*Required work*. Leaving out the pictures, restate each record below word for word.

*Task input*.
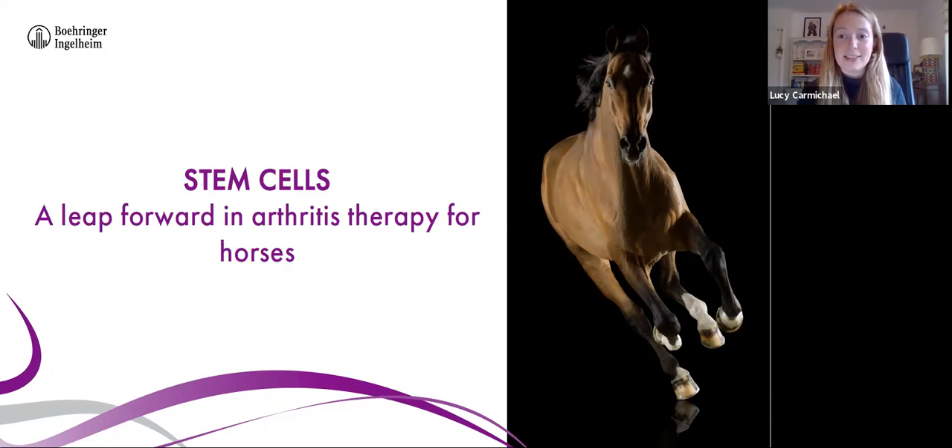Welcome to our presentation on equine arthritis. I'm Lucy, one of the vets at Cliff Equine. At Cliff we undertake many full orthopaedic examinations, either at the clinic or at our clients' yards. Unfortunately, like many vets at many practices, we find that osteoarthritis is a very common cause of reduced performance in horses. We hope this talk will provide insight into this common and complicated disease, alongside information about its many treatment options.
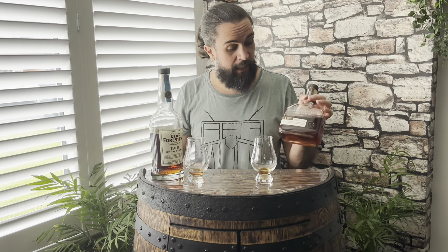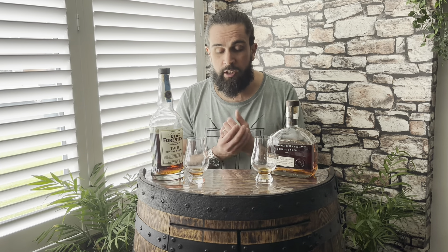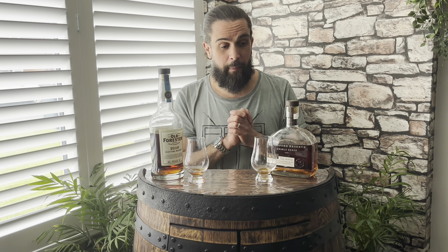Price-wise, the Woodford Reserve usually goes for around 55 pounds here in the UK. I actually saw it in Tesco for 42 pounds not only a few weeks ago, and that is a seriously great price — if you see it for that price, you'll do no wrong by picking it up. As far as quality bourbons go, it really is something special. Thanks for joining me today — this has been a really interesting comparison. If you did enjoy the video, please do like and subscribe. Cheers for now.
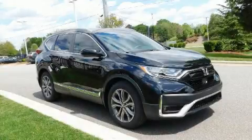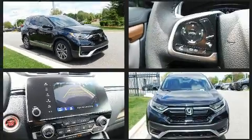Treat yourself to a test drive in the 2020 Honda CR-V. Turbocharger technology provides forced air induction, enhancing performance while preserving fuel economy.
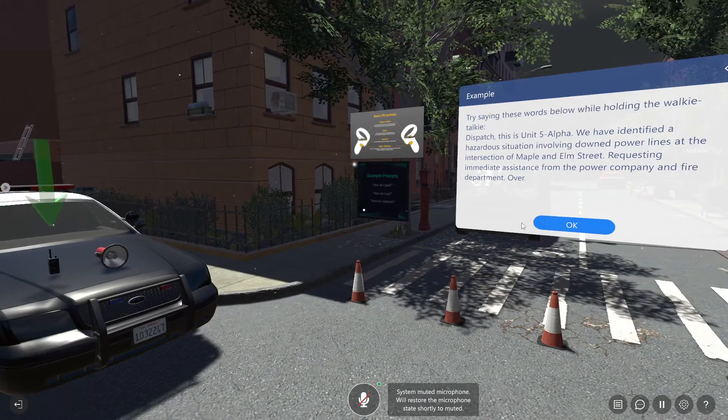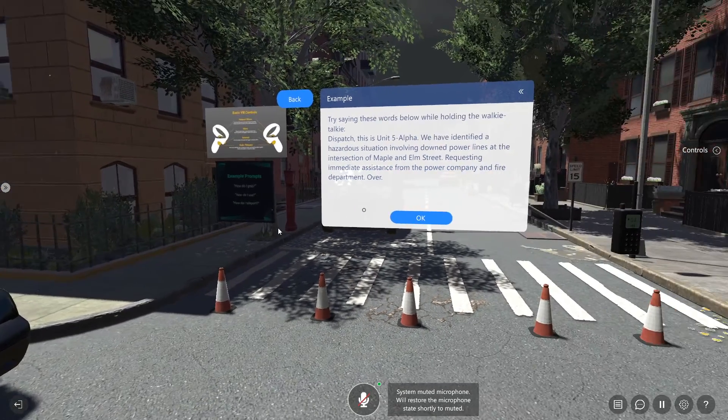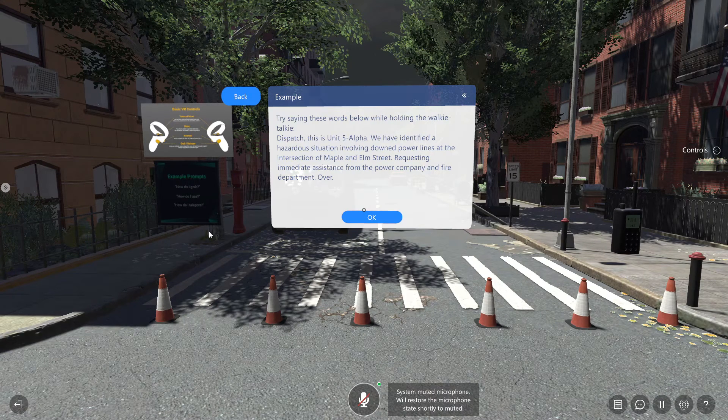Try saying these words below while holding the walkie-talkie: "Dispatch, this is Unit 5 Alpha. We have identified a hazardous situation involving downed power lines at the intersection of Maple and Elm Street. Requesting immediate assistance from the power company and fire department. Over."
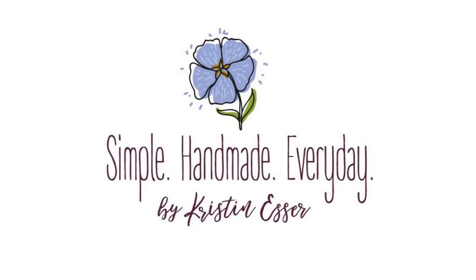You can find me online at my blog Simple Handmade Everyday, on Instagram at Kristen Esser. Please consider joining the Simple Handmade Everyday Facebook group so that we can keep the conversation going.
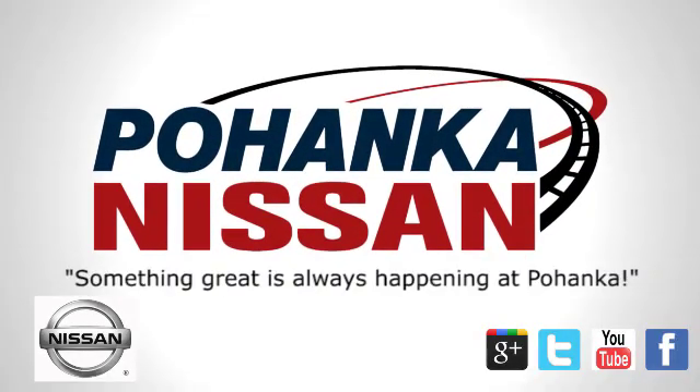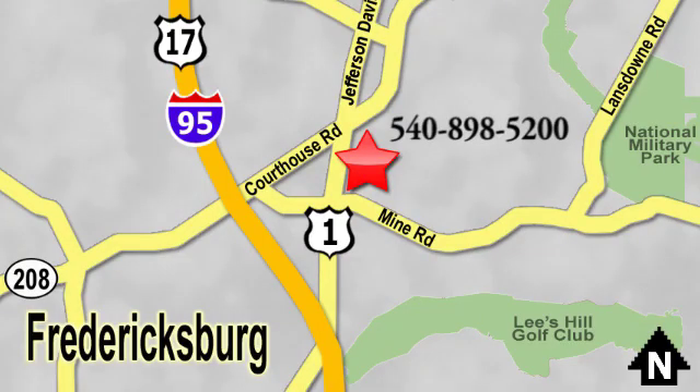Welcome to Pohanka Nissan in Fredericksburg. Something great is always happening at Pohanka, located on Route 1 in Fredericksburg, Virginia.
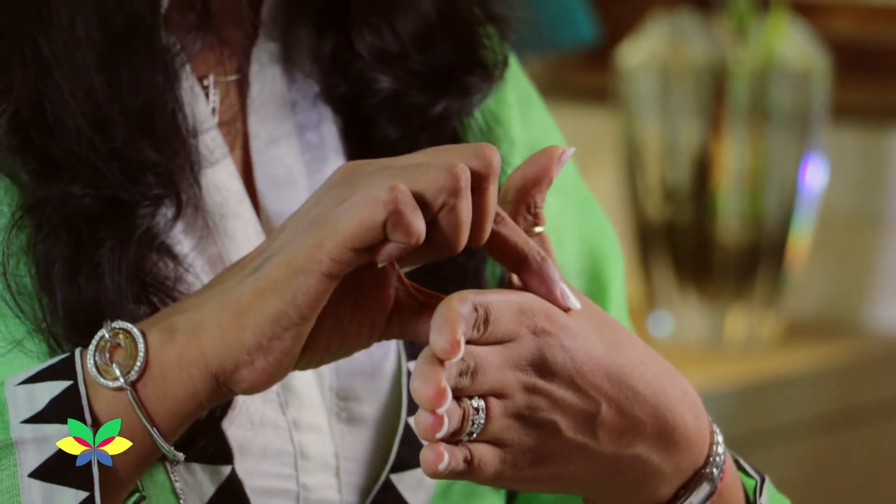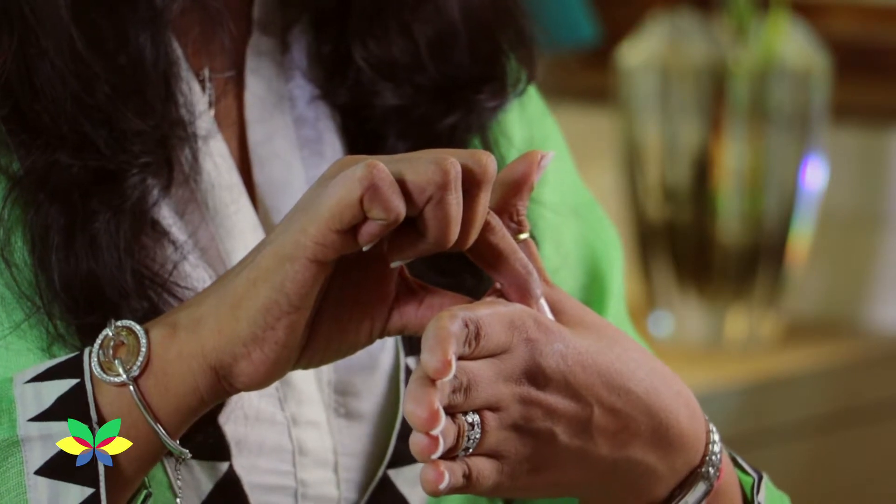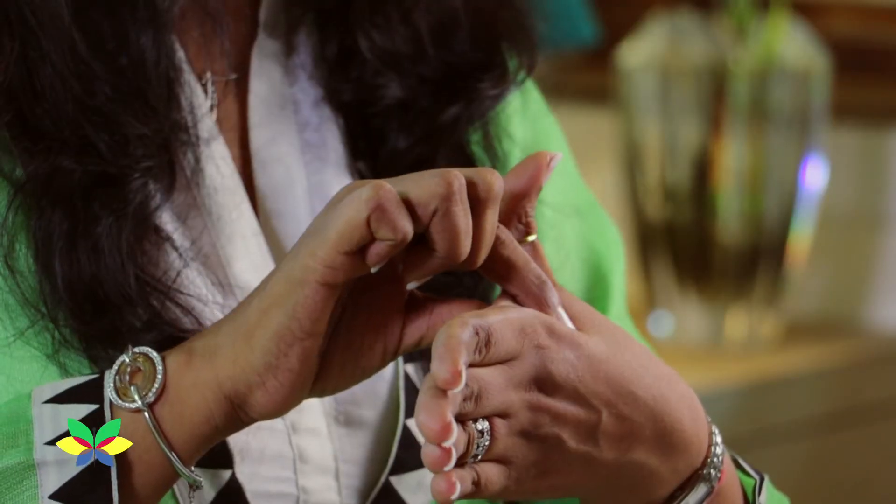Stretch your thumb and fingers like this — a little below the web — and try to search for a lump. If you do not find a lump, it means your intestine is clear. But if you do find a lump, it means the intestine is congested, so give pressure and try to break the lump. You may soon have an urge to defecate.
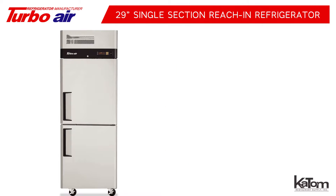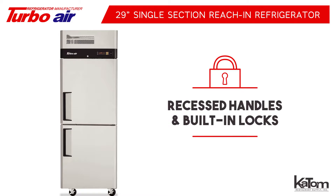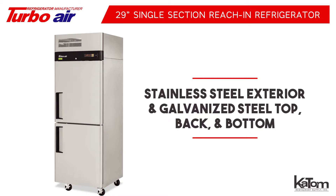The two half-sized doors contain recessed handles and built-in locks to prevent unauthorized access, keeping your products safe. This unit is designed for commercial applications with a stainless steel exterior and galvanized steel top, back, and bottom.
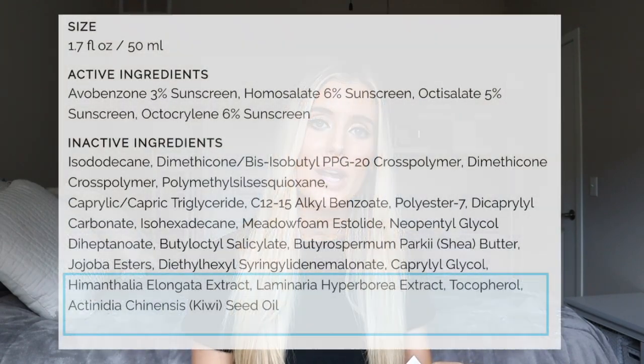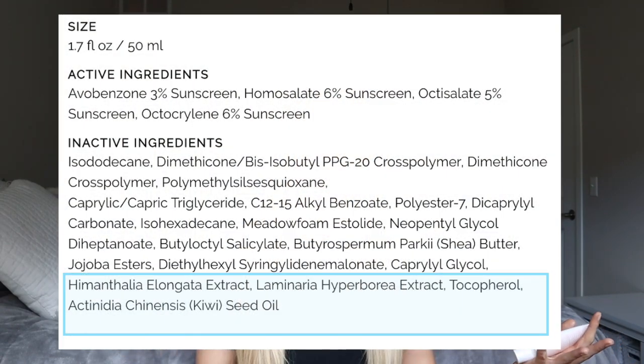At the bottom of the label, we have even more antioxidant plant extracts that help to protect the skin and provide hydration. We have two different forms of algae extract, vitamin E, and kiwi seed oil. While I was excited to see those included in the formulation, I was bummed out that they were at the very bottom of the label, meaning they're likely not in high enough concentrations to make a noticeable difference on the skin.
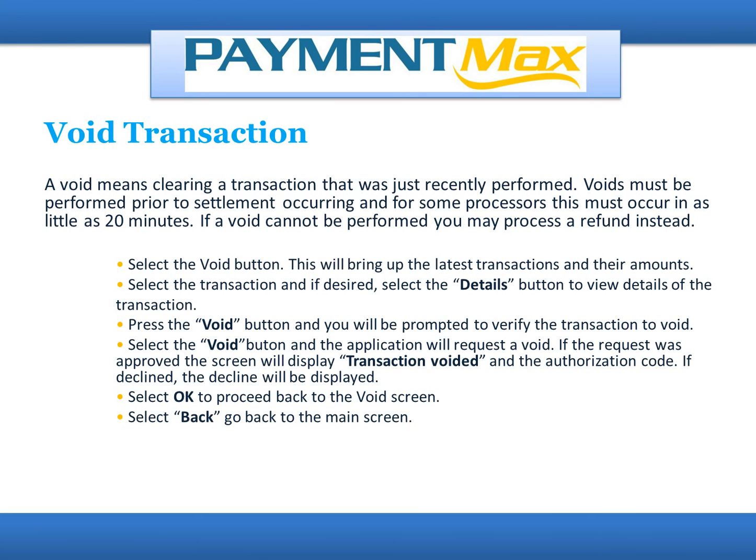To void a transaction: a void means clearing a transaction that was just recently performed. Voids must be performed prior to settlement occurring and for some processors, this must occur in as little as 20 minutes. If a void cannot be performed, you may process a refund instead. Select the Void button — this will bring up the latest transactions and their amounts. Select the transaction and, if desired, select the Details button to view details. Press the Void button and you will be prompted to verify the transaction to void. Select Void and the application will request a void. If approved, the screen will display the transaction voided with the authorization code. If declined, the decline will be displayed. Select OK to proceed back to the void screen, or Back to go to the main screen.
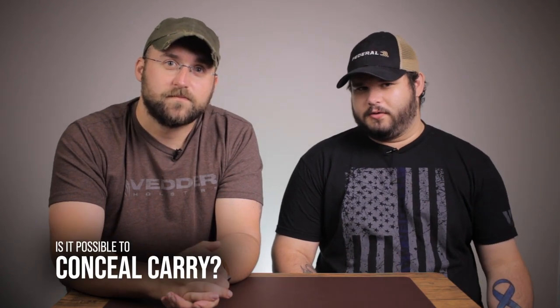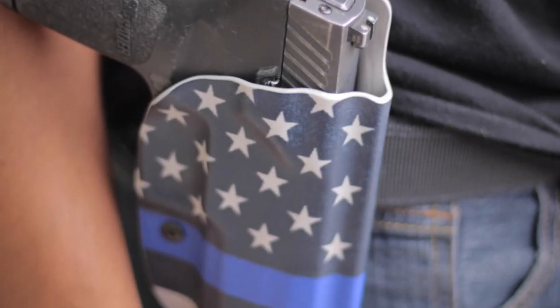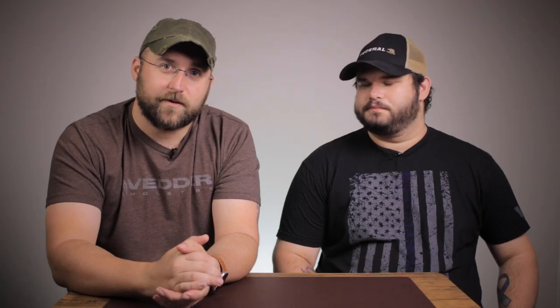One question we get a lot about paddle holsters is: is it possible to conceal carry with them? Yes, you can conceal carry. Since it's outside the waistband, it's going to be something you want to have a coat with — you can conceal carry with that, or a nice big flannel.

*Solution*.
Welcome to our presentation on equine arthritis. I'm Lucy, one of the vets at Cliff Equine. At Cliff we undertake many full orthopaedic examinations, either at the clinic or at our clients' yards. Unfortunately, like many vets at many practices, we find that osteoarthritis is a very common cause of reduced performance in horses. We hope this talk will provide insight into this common and complicated disease, alongside information about its many treatment options.
Price-wise, the Woodford Reserve usually goes for around 55 pounds here in the UK. I actually saw it in Tesco for 42 pounds not only a few weeks ago, and that is a seriously great price — if you see it for that price, you'll do no wrong by picking it up. As far as quality bourbons go, it really is something special. Thanks for joining me today — this has been a really interesting comparison. If you did enjoy the video, please do like and subscribe. Cheers for now.
Treat yourself to a test drive in the 2020 Honda CR-V. Turbocharger technology provides forced air induction, enhancing performance while preserving fuel economy.
Try saying these words below while holding the walkie-talkie: "Dispatch, this is Unit 5 Alpha. We have identified a hazardous situation involving downed power lines at the intersection of Maple and Elm Street. Requesting immediate assistance from the power company and fire department. Over."
You can find me online at my blog Simple Handmade Everyday, on Instagram at Kristen Esser. Please consider joining the Simple Handmade Everyday Facebook group so that we can keep the conversation going.
Welcome to Pohanka Nissan in Fredericksburg. Something great is always happening at Pohanka, located on Route 1 in Fredericksburg, Virginia.
Stretch your thumb and fingers like this — a little below the web — and try to search for a lump. If you do not find a lump, it means your intestine is clear. But if you do find a lump, it means the intestine is congested, so give pressure and try to break the lump. You may soon have an urge to defecate.
The two half-sized doors contain recessed handles and built-in locks to prevent unauthorized access, keeping your products safe. This unit is designed for commercial applications with a stainless steel exterior and galvanized steel top, back, and bottom.
At the bottom of the label, we have even more antioxidant plant extracts that help to protect the skin and provide hydration. We have two different forms of algae extract, vitamin E, and kiwi seed oil. While I was excited to see those included in the formulation, I was bummed out that they were at the very bottom of the label, meaning they're likely not in high enough concentrations to make a noticeable difference on the skin.
To void a transaction: a void means clearing a transaction that was just recently performed. Voids must be performed prior to settlement occurring and for some processors, this must occur in as little as 20 minutes. If a void cannot be performed, you may process a refund instead. Select the Void button — this will bring up the latest transactions and their amounts. Select the transaction and, if desired, select the Details button to view details. Press the Void button and you will be prompted to verify the transaction to void. Select Void and the application will request a void. If approved, the screen will display the transaction voided with the authorization code. If declined, the decline will be displayed. Select OK to proceed back to the void screen, or Back to go to the main screen.
One question we get a lot about paddle holsters is: is it possible to conceal carry with them? Yes, you can conceal carry. Since it's outside the waistband, it's going to be something you want to have a coat with — you can conceal carry with that, or a nice big flannel.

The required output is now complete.